Limits and Safety Bounds

TreeDiffLimits (tree_diff_limits.rs) enforces hard caps. All limits produce explicit errors on violation -- never silent truncation.

Field Type Default Restrictive Purpose
max_tree_bytes_in_flight u64 2 GB 64 MB Peak in-flight tree bytes across active frames
max_tree_spill_bytes u64 8 GB 64 MB Spill arena file size cap
max_tree_cache_bytes u32 64 MB 8 MB Tree payload cache capacity
max_tree_delta_cache_bytes u32 128 MB 8 MB Delta base cache capacity
max_candidates u32 1,048,576 16,384 Maximum candidates in buffer
max_path_arena_bytes u32 64 MB 1 MB Path interning arena capacity
max_tree_depth u16 256 64 Maximum tree recursion depth

Validation (tree_diff_limits.rs) enforces both minimum bounds (must allow functionality) and upper bounds (prevent misconfigurations), plus consistency checks (e.g., path arena must be >= 8 bytes per candidate). Both compile-time (const validate()) and runtime (try_validate()) validation are provided.

Additional hard limits in the walker:

Constant Value Location Purpose
MAX_PATH_LEN 4096 tree_diff.rs Maximum path length in bytes (matches Linux PATH_MAX)
TREE_STREAM_BUF_BYTES 16,384 tree_diff.rs Streaming parser buffer size

Error Recovery

On any error during diff_trees, the walker calls cleanup_after_diff_call (tree_diff.rs) which drains all stack frames, releases in-flight byte charges, and clears the path buffer.
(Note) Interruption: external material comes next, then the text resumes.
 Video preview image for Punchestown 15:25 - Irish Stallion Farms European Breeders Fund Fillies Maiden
This ensures retries on the same walker start from a clean budget state -- verified by the budget_error_releases_in_flight_bytes_for_retry and depth_error_releases_in_flight_bytes_for_retry tests.
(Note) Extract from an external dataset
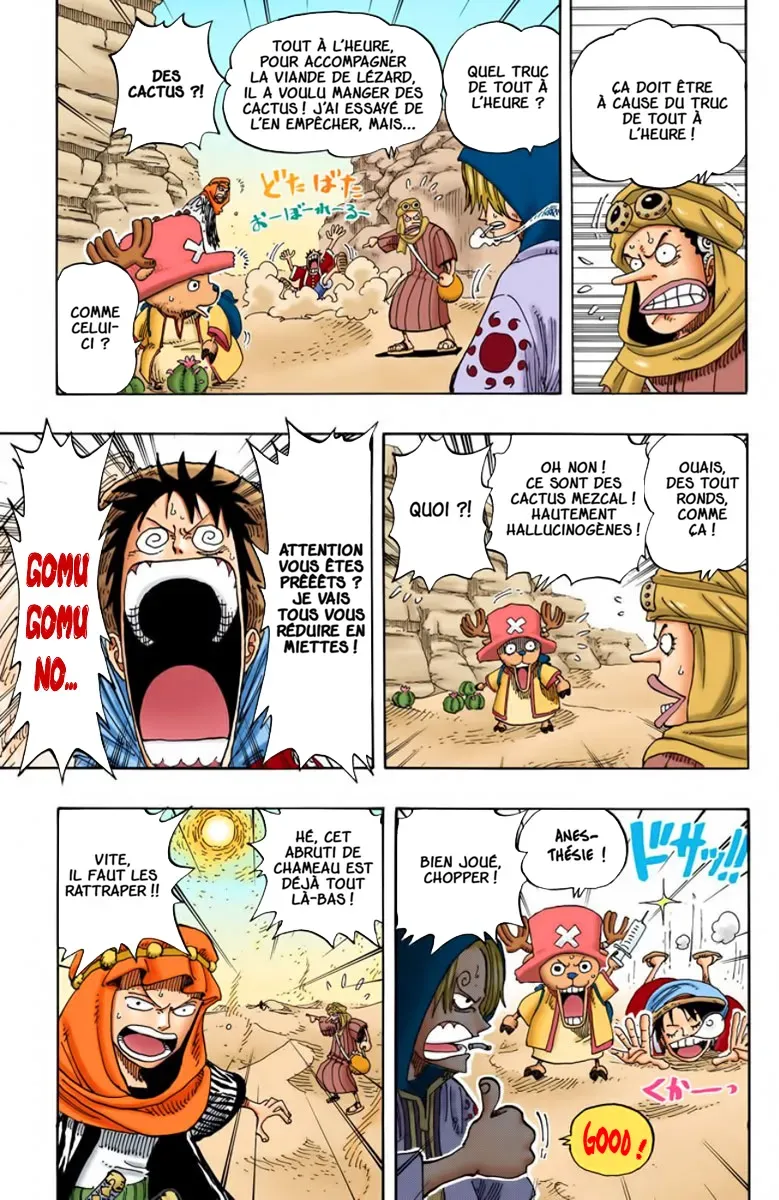 Read One Piece vf Manga Online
Performance Characteristics

  • O(n) in the number of changed entries (both trees walked once)
  • Subtree pruning: unchanged subtrees (same OID) are skipped with zero I/O
  • No blob reads: OID-only comparison during the diff phase
  • Fixed stack allocation: explicit Vec<DiffFrame> bounded by max_depth
  • Allocation reuse: stack, path buffer, and name scratch are retained across diff_trees calls -- no per-call allocation
  • Streaming for large trees: trees above the cache-slot threshold use a 16 KiB sliding window instead of full materialization
  • SIMD-accelerated parsing: memchr crate for space/NUL/slash scanning (NEON on aarch64, SSE2/AVX2 on x86-64)

Source of Truth

Concept Source File
Diff walker, merge-walk algorithm tree_diff.rs
Action dispatch and subtree push tree_diff.rs
compute_action (entry comparison) tree_diff.rs
Tree entry binary format and parsing tree_entry.rs
EntryKind and mode classification tree_entry.rs
TreeEntryIter (complete-buffer iteration) tree_entry.rs
Git tree ordering (base_name_compare) tree_order.rs
TreeStream (sliding-window parser) tree_stream.rs
TreeBytesReader (Read adapter) tree_stream.rs
TreeDiffLimits and validation tree_diff_limits.rs
ChangeKind, CandidateSink, CandidateBuffer tree_candidate.rs
TreeCandidate, CandidateContext, ResolvedCandidate tree_candidate.rs
TreeCache (OID-keyed set-associative cache) tree_cache.rs
TreeDeltaCache (offset-keyed set-associative cache) tree_delta_cache.rs
SetAssociativeCache framework (CLOCK eviction) cache_common.rs
TreeSource trait, TreeBytes enum object_store.rs
TreeDiffError variants errors.rs

All paths are relative to crates/scanner-git/src/.